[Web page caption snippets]
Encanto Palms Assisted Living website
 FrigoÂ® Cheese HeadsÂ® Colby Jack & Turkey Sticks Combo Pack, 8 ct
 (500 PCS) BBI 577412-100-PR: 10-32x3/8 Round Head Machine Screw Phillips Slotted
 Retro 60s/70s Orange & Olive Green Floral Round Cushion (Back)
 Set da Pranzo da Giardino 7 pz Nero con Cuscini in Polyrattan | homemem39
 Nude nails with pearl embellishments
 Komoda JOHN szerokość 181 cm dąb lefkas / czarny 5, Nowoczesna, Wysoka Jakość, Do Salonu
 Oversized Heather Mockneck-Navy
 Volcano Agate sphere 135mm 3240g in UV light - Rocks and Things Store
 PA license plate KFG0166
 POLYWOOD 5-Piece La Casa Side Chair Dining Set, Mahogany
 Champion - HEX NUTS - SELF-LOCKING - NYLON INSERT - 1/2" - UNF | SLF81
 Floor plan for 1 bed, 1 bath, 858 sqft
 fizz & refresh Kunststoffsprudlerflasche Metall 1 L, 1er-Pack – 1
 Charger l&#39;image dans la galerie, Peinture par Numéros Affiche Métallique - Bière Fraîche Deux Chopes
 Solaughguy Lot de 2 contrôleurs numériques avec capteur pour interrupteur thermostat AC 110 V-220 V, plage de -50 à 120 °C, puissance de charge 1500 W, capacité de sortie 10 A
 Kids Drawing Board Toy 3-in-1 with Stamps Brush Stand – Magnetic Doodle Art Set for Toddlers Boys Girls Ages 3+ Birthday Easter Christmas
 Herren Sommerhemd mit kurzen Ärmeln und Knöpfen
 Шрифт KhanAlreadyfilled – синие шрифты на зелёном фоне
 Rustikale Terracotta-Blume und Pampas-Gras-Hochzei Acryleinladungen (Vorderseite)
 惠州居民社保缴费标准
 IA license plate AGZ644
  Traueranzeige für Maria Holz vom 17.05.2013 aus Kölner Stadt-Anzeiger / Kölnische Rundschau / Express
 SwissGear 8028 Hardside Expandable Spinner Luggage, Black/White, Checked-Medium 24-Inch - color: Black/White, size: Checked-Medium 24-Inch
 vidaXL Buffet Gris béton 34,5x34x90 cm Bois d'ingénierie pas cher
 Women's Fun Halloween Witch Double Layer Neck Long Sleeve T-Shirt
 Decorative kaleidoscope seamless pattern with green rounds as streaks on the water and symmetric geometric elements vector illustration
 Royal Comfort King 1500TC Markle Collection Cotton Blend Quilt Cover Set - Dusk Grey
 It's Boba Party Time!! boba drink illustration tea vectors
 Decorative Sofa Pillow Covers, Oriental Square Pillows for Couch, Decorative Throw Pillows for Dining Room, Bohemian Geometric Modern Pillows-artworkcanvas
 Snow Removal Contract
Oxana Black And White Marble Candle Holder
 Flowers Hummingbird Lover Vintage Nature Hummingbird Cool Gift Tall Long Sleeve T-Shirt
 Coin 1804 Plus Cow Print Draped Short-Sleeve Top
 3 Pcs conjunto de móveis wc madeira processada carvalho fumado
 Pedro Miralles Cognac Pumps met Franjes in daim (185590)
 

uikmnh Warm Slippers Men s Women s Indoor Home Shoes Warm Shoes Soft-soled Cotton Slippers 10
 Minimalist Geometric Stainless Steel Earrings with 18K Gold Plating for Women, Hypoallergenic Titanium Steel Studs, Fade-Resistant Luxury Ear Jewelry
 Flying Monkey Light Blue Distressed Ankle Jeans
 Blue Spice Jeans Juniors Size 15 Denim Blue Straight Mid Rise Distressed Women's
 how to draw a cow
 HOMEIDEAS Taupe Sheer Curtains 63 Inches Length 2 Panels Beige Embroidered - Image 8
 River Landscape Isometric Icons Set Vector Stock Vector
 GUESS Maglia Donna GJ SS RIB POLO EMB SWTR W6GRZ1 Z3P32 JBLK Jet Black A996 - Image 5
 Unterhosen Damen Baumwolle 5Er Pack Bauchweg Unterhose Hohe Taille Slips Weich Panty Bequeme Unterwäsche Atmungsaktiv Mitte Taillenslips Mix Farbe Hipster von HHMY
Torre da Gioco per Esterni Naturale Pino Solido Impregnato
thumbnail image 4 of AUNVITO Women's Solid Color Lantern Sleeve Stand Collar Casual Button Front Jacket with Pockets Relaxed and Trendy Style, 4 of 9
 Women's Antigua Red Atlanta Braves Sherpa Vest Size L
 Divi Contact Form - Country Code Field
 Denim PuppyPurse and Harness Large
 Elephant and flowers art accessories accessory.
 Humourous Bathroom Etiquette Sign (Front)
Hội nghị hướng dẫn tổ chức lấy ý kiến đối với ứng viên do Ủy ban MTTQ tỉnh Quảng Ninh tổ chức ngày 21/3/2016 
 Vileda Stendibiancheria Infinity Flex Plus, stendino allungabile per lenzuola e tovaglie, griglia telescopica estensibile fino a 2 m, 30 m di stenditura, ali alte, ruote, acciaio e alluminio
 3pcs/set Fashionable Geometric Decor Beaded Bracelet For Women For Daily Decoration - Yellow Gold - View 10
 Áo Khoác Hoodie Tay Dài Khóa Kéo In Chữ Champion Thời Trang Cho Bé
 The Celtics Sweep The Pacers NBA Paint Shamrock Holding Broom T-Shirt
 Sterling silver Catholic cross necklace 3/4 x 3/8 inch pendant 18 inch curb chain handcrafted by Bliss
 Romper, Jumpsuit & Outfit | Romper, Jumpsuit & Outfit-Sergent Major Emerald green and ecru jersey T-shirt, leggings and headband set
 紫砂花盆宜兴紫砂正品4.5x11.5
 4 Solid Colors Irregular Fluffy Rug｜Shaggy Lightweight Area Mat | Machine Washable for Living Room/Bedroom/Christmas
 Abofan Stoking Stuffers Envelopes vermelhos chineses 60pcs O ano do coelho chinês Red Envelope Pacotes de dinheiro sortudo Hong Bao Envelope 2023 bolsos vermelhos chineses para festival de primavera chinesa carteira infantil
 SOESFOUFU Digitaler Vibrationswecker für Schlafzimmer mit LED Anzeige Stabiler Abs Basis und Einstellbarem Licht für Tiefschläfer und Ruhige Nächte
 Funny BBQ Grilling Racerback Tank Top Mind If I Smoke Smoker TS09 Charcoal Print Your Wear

| REQUIRED WORK |
Look for the string "license" in the records, and copy every line where it is found.

| RESPONSE FOR THIS EXERCISE |
 PA license plate KFG0166
 IA license plate AGZ644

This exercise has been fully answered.